In short, you engage diverse channels that may include social media, SMS, web interactions, online ads, and email to reach your audience where they are. This is how you can make sure that you are maximizing all profits from your B2B sales leads database.
The strategy is flexible, innovative, adaptive, and fueled by data. You can review your channel mix to spot those with high ROI, the underperforming ones, and those your competitors are using. Then adjust your channel mix to provide a seamless, consistent, and competitive audience-led message.
The core components of this multichannel approach include:
- Knowing your audience. Use data to understand their digital footprints, favorite online “hang out joints”, content consumption habits and preferences, and purchase considerations so you can personalize their experiences.
- Identifying key channels. Budget and human resources may not allow you to maintain an active presence on every channel. Identify those that drive the highest results and plant yourself there.
- Maintaining consistency across channels. As you adapt your message to suit channel-recommended formats, strive for creativity while retaining consistency in your message.

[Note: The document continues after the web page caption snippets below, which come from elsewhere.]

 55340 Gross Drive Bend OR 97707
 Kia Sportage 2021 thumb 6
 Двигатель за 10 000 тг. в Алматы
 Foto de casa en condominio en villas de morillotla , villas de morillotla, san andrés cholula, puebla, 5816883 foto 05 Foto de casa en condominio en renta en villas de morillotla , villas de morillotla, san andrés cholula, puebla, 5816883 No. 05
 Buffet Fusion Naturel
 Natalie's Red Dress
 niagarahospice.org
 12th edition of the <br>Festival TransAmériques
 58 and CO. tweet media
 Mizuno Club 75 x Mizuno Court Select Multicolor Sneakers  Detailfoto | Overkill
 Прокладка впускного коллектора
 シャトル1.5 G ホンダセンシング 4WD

- Reporting. Track channel ROI and adapt to changing demands and behavior patterns of your audiences.
4. Make Cold Calls
The fat lady hasn’t sung over this strategy yet, and that’s because cold calling is alive and evolving with the times.

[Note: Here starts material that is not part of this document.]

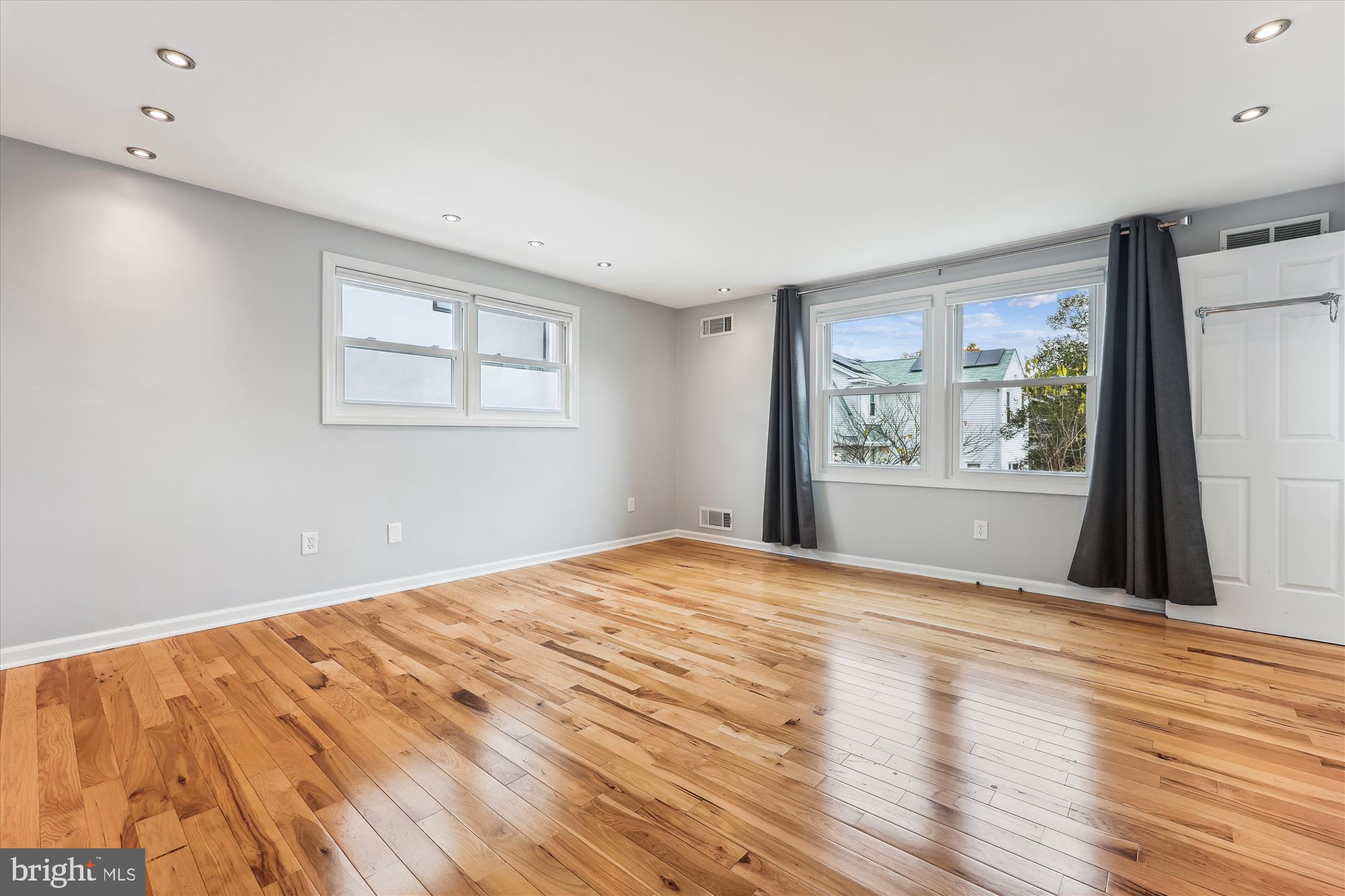 WEST CHEVY CHASE HEIGHTS - Residential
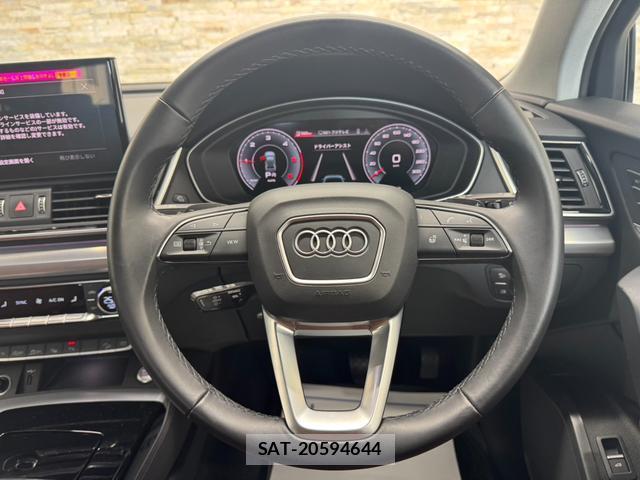 Audi Q5 2024-09 8691589-18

Modern-day reps don’t deploy hard-selling tactics. They focus on building genuine and valuable relationships with prospective customers and securing sales meetings continuously.
Best practices include
- Working with accurate lists. Let your customer profiles and consumer data inform the list of prospects you create. In addition to contact info, enrich your list with any information that may help start the conversation or support your call.

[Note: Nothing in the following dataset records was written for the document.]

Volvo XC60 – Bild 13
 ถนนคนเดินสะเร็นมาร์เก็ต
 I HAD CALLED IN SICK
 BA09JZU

- Using a good phone system. Look for features like power dialling, call recording, call whispering and live coaching, etc. They help minimise time wastage, record phone calls for analysis afterward, and allow supervisors to offer sales reps discreet support when they encounter difficult prospects.
- Following up leads. Most prospects will need time to assess your offering, create a budget, and deal with a host of internal issues before saying yes. Rather than cast aside a prospect after a single follow-up, keep up the momentum to ensure you reach your goal.
5. Invest In Account-Based Marketing (ABM)
Unlike other digital strategies where you cast your net and haul in a load of fish, ABM is more like spearfishing.
You identify a high-value account (perhaps several high-propensity high-value accounts) then go at them like there’s no one else on the market.
The strategy relies on strong account insights to develop a highly personalized approach that builds relationships and the much-needed buy-in from key stakeholders.
Succeeding here requires teams to
- Identify good-fit accounts. Use data-driven insights to pick out high-propensity accounts that fit your target criteria (e.g., ideal revenue, location, and challenges your solutions can address). Proceed to identify the stakeholders you need to engage.
- Put together ABM-focused content. With the insights you gathered on your key accounts, create content that addresses their specific challenges. Whether it’s on-page content personalization, email marketing or social selling ensure your message resonates with their needs.
- Reporting. Is your team moving these key accounts to opportunities? Are they successfully developing relationships with the decision-makers? Are these decision-makers interacting with your content? These are some of the metrics you can look at.